The validity of the '050 purity patent was one of the central issues in the case, and this issue turned on two critical pieces of evidence.  The first was a certificate of analysis produced by Sigma Aldrich, which allegedly showed that Sigma Aldrich had manufactured and sold a 100% pure version of the compound as a USP reference standard.  The Court rejected this evidence, however, because the certificate of analysis contradicted other documents produced by Sigma Aldrich which showed that the lot in question had a purity of from 83% to 95%.

The second piece of evidence was a more general HPLC reference teaching that triarylamine dyes, a class of compounds that includes isosulfan blue, could be purified via HPLC to purities ranging from 96% to 98%.  According to Aurobindo, it would have been obvious to adapt these prior art HPLC methods to isosulfan blue to obtain a purity exceeding 99%. 

This is the point where Mylan’s case came together.  Mylan cited its own method of synthesis patent and pointed out to the Court that before its process was invented, isosulfan blue was produced in crude batches that contained large amounts of compounds closely related to isosulfan blue.  Mylan argued that these closely related compounds could not easily have been removed by HPLC, and certainly could not have been removed without a substantial loss of yield.  It took Apicore to develop a patentable synthetic process that did not generate these closely related compounds before HPLC purification could even be considered to purify the compound at levels approaching 99%.  In the words of MPEP 2144.VII, the prior art did not suggest “the particular form or structure of the claimed material or suitable methods of obtaining that form or structure.”

Which brings us back to the NCE company.  An NCE’s purification hurdles will certainly not be as well publicized as those surrounding isosulfan blue, but every company confronts some challenges before it attains the purity necessary for FDA approval.
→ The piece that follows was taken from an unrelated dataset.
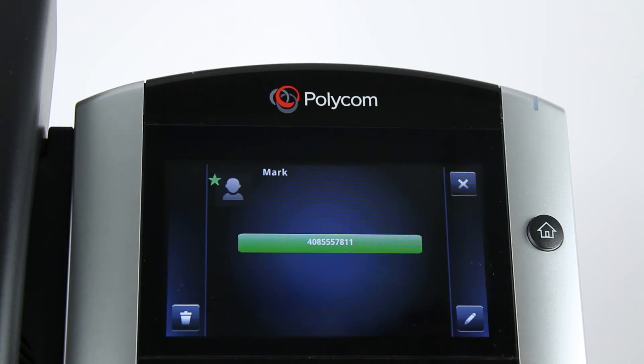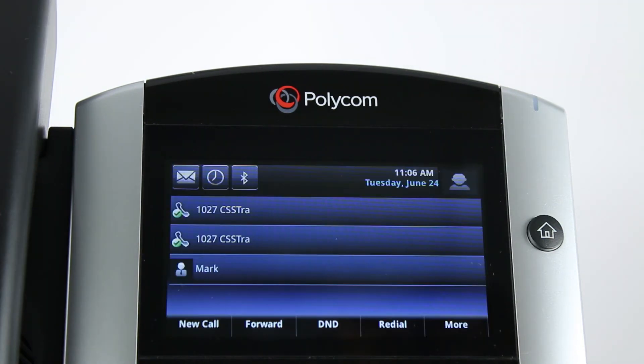Press the Home hard key twice to go back to the main screen. Your speed dial contact now should appear on the screen of the phone.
Did the company need to develop a new route of synthesis to avoid producing closely related compounds, like Apicore did?  Did the company need to develop a novel crystallization technique?  Can the company secure a patent for its improved method of synthesis?  These are all questions a patent attorney must be vigilant to ask when evaluating the possibility of a purity patent.

Congratulations, by the way, to David Steuer and his team at Wilson Sonsini, who did an excellent job presenting Mylan’s case and pushing it through so quickly to a preliminary injunction.  It’s nice to see such expertise coming out of the west coast!